A model for minimizing active processor time

We introduce the following elementary scheduling problem. We are given a collection of n jobs, where each job J _i has an integer length ℓ _i as well as a set T _i of time intervals in which it can be feasibly scheduled. Given a parameter B, the processor can schedule up to B jobs at a timeslot t so long as it is "active" at t. The goal is to schedule all the jobs in the fewest number of active timeslots. The machine consumes a fixed amount of energy per active timeslot, regardless of the number of jobs scheduled in that slot (as long as the number of jobs is non-zero). In other words, subject to ℓ _i units of each job i being scheduled in its feasible region and at each slot at most B jobs being scheduled, we are interested in minimizing the total time during which the machine is active. We present a linear time algorithm for the case where jobs are unit length and each T _i is a single interval, assuming that jobs are given in sorted order. For general T _i, we show that the problem is NP-complete even for B=3. However when B=2, we show that it can be efficiently solved. In addition, we consider a version of the problem where jobs have arbitrary lengths and can be preempted at any point in time.
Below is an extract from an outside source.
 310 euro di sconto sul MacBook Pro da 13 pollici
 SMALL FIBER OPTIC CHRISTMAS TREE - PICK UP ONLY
For general B, the problem can be solved by linear programming. For B=2, the problem amounts to finding a triangle-free 2-matching on a special graph. We extend the algorithm of Babenko et al. (Proceedings of the 16th Annual International Conference on Computing and Combinatorics, pp. 120-129, 2010) to handle our variant, and also to handle non-unit length jobs. This yields an O(√Lm) time algorithm to solve the preemptive scheduling problem for B=2, where L=∑ _i ℓ _i . We also show that for B=2 and unit length jobs, the optimal non-preemptive schedule has active time at most 4/3 times that of the optimal preemptive schedule; this bound extends to several versions of the problem when jobs have arbitrary length.